Found in Translation

For Idaho Senate Majority Leader Bart Davis, co-chair of the CSG International Committee, learning proper protocol when traveling abroad has been an exercise in trial and error.

“It has been the learning experience for me to do things wrong, so that I could learn to do them right,” he told participants in the Found in Translation: Global Protocol for Foreign Delegations session, sponsored by the CSG International Committee.

Davis shared with members of the committee and audience a few tips he’s learned along the way, including tips from a recent CSG delegation to China in October. Among his list were to smile, even when tired; visit socially with foreign counterparts, you may just end up with a new friend; use an interpreter—not an app; and never take the opportunity for granted.

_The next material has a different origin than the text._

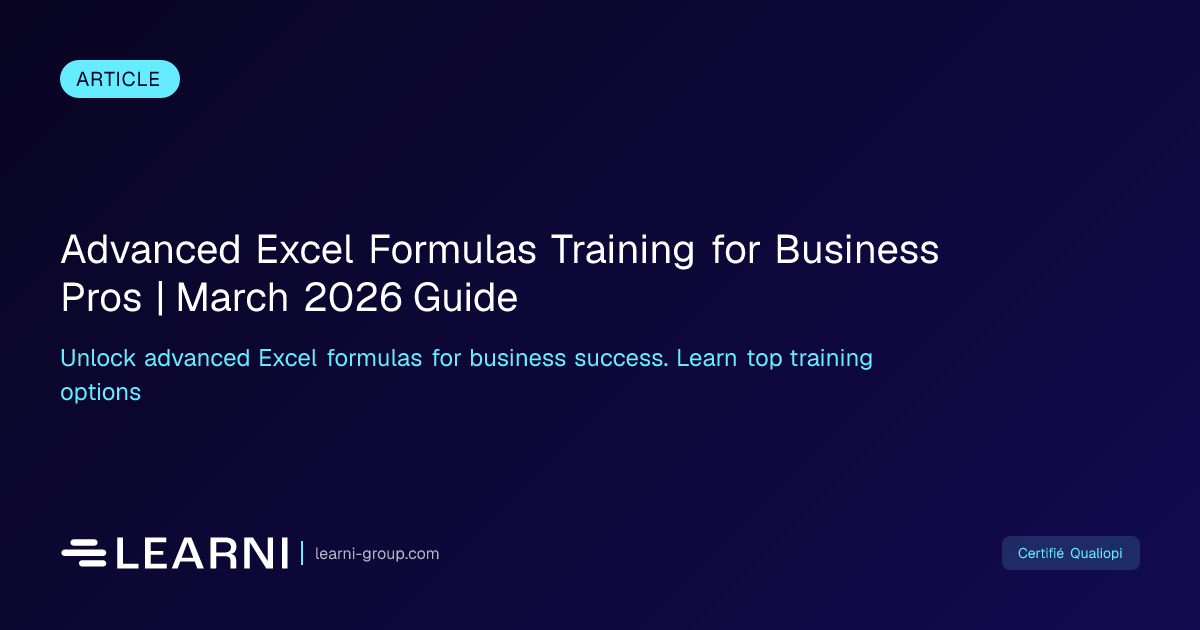 Advanced Excel Formulas Training for Business Pros | Marc... | Learni ...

Missouri International Trade and Investment Manager Ann Pardalos said global protocol boils down to using good manners and common sense. Using what she called the “platinum rule”—treating others as they would like to be treated—can go a long way to developing rapport with foreign counterparts.

“First impressions are so important,” she said. “Your actions are a reflection of your organization, your family, your state and your country.”

And biases and cultural generalizations, she warned, should be left behind. “If you can’t check biases and negative attitudes at the door then, frankly, you shouldn’t get off the plane.”

According to Shannon Shellenberg of the California Senate Office of International Relations, mastering global protocol is about “marrying knowledge with the art of grace under pressure.” Legislators already know a thing or two about operating with grace under pressure, she said. “To be at ease internationally, you just have to add in knowledge.”

Consul General of Canada Louise Blais said that even for career diplomats, learning the cultural nuances of other countries is an important and ongoing process, but officials shouldn’t take it too far. “A little research goes a long way; you don’t need to be an expert,” she offered. “Don’t become local … they won’t like that.”

Shellenberg agreed that doing a bit of homework can help. But even then, she warned, sometimes mistakes are made.

“I’ve never seen a faux pas that couldn’t be fixed without a little communication, understanding and some humor,” she said.

In other words, said Blais, “Be yourself—your most polite, gracious self.”